- _THE PROBLEM_:
Give back, unaltered, the lines from the one with "sàn gỗ kosmos có tốt không" to the end of the material, omitting pictures.

- _INFORMATION PROVIDED_:
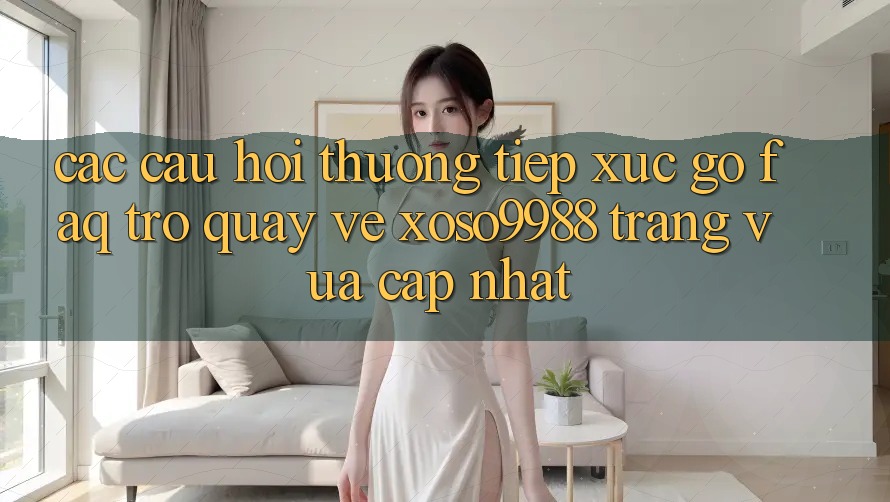 Các câu hỏi thường tiếp xúc gỡ (FAQ) trở quay về xoso9988 trang vừa cập nhật Các câu hỏi thường tiếp xúc gỡ (FAQ) trở quay về xoso9988 trang vừa cập nhật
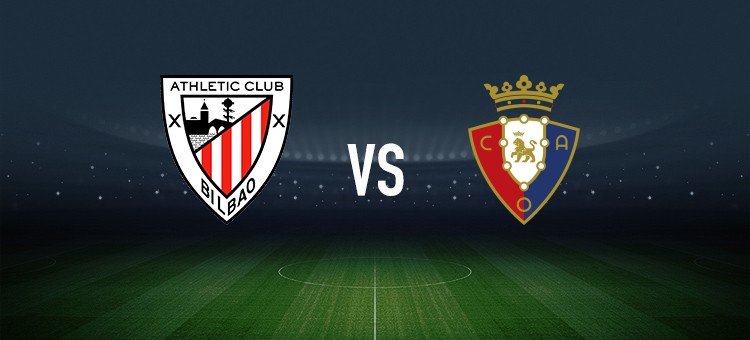 毕尔巴鄂竞技vs奥萨苏纳：拉波尔特、尼科-威廉斯首发，布季米尔、哈维-加兰出战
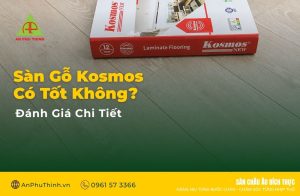 sàn gỗ kosmos có tốt không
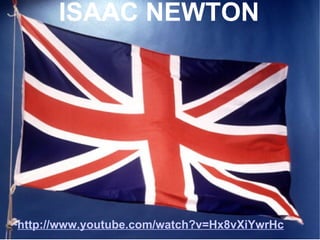 ISAAC NEWTON http://www.youtube.com/watch?v=Hx8vXiYwrHc 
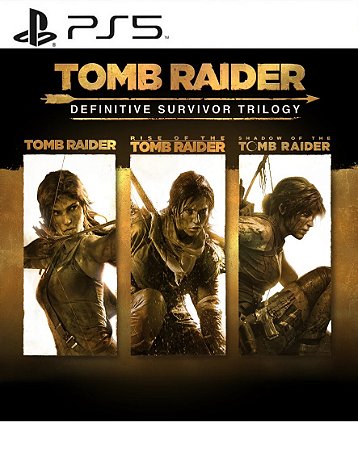 Tomb Raider: Definitive Survivor Trilogy PS5 Mídia Digital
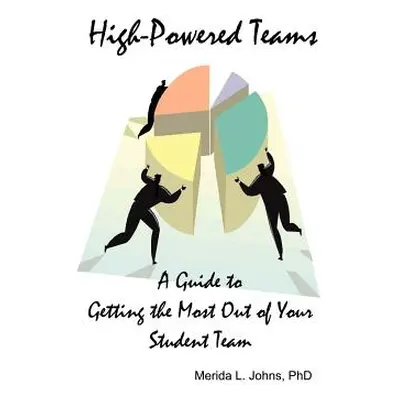 "High-Powered Teams: A Guide to Getting the Most Out of Your Student Team" - "" ("Johns Merida")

- _RESPONSE BELOW_:
 sàn gỗ kosmos có tốt không
 ISAAC NEWTON http://www.youtube.com/watch?v=Hx8vXiYwrHc 
 Tomb Raider: Definitive Survivor Trilogy PS5 Mídia Digital
 "High-Powered Teams: A Guide to Getting the Most Out of Your Student Team" - "" ("Johns Merida")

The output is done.